I thought that was pretty strange at the time because like 5% of the students end up going into research. So that was basically like him saying I'm totally cool with our educational program being misaligned for 95% percent of our customers...
Maybe it makes sense for the big picture though. If all the breakthroughs come from those 5%, it might benefit everyone to optimize for them. (I don't expect they would have called the program particularly optimized either though ;)

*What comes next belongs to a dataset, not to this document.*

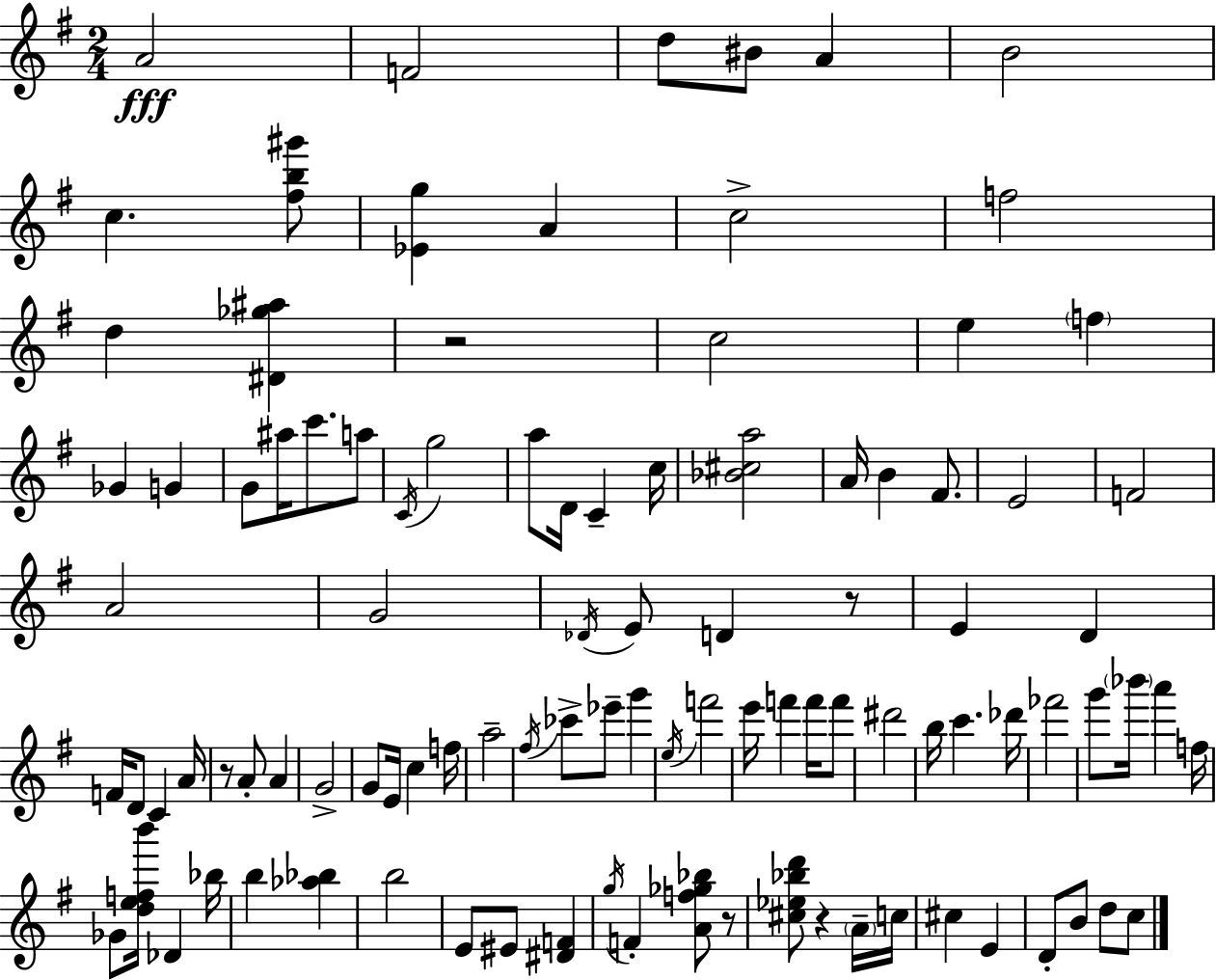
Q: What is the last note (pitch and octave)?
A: C5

> I don't expect [the 5% of students who end up going into research] would have called the program particularly optimized either
This. I went to the University of Iowa in the aughts. My experience was that because they didn't cover a lot of the same material in this MIT Missing Semester 2026 list, a lot of the classes went poorly. They had trouble moving students through the material on the syllabus because most students would trip over these kinds of computing basics that are necessary to experiment with the DS+A theory via actual programming. And the department neither added a prereq that covers these basics or nor incorporated them into other courses's syllabi. Instead, they kept trying what wasn't working: having a huge gap between the nominal material and what the average student actually got (but somehow kept going on to the next course). I don't think it did any service to anyone. They could have taken time to actually help most students understand the basics, they could have actually proceeded at a quicker pace through the theoretical material more for the students who actually did understand the basics, they could have ensured their degree actually was a mark of quality in the job market, etc.

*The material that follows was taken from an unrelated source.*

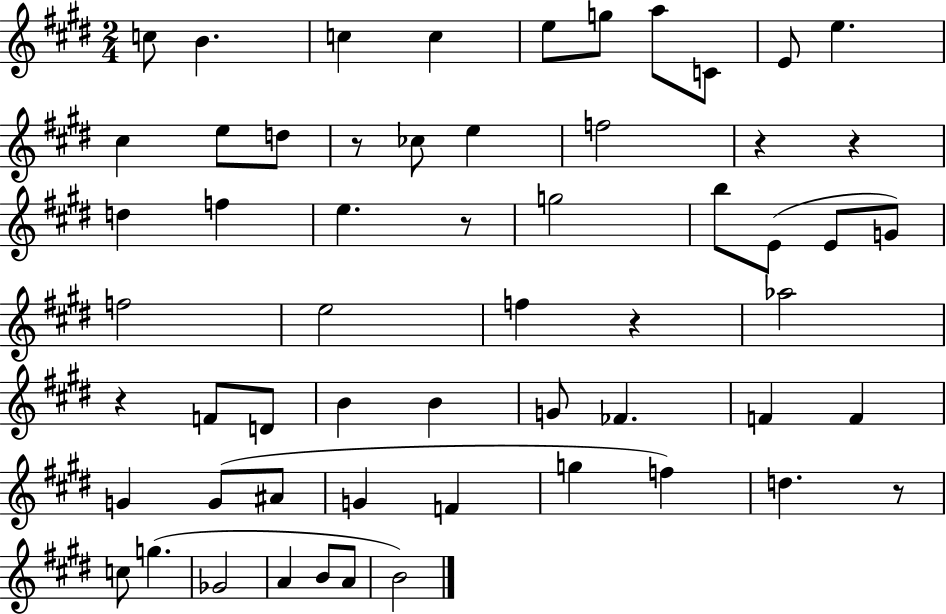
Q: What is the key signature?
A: E major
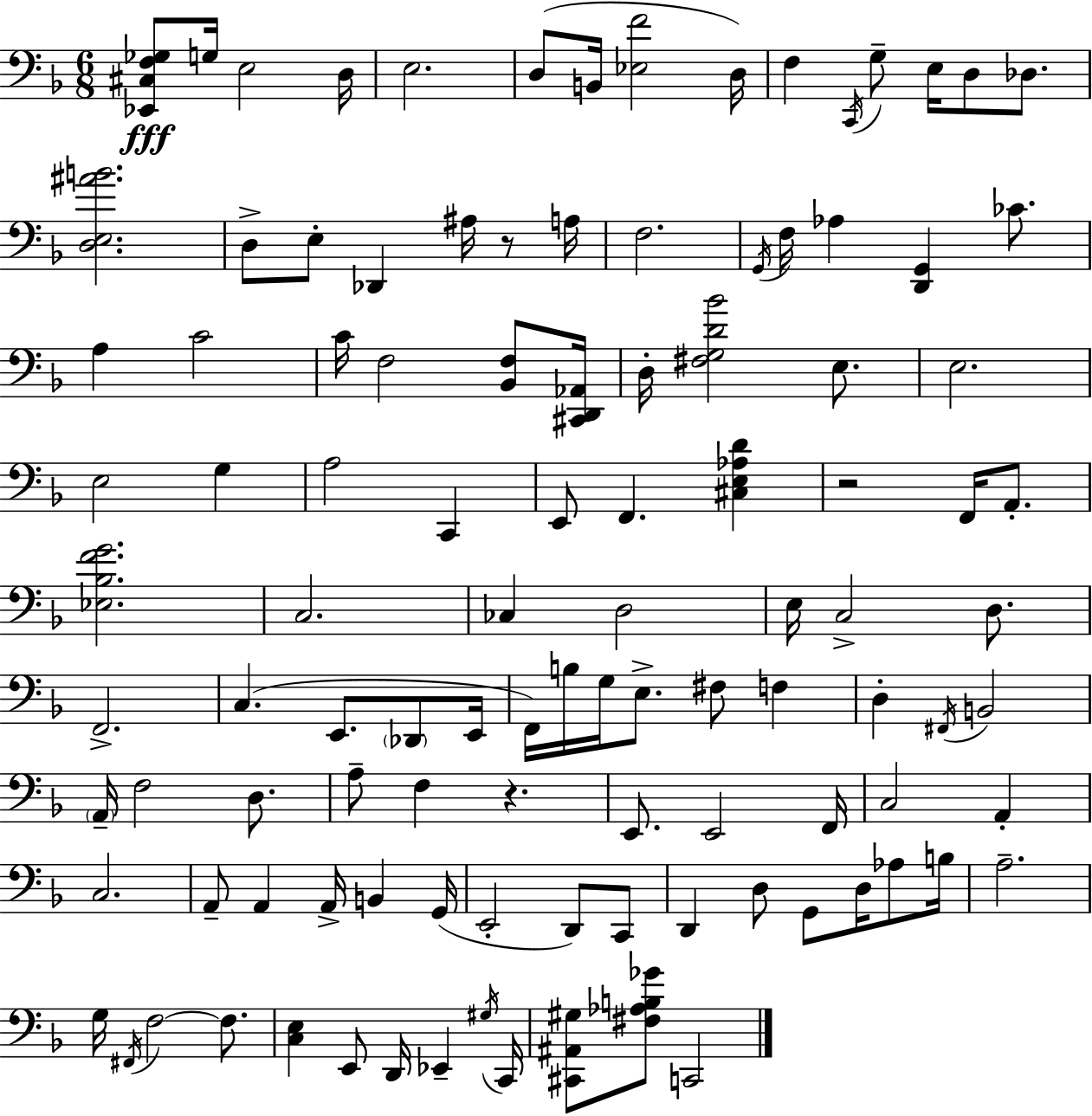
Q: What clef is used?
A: bass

It's nice that someone at MIT is recognizing this and putting together this material. The name and about page suggest though it's not something the department has long recognized and uncontroversially integrated into the program (perhaps as an intro class you can test out of), which is still weird.
>It's nice that someone at MIT is recognizing this and putting together this material. The name and about page suggest though it's not something the department has long recognized and uncontroversially integrated into the program (perhaps as an intro class you can test out of), which is still weird.
While this comes out of CSAIL, I wouldn't ascribe too much institutional recognition to this. Given the existence of independent activities period, it's probably a reasonable place for it given MIT's setup. Other institutions have "math camp" and the like pre-classes starting.
It's probably a reasonable compromise. Good schools have limited bandwidth or interest in remedial education/hand-holding and academics don't have a lot of interest in putting together materials that will be outdated next year.
Well you can say there is a difference between "computer science" and "software engineering", plus many "universities" are particularly research focused.
A chemistry, physics, or even MechE BS is coming out only at the very beginning of their training, and will require lots of specific on-the-job training if they go into industry. School is about the principles of the field and how to think critically / experimentally. E.g. software debugging requires an understanding of hypothesis testing and isolation before the details of specific tech ever come into play. This is easy to take for granted because many people have that skill naturally, others need to be trained and still never quite get it.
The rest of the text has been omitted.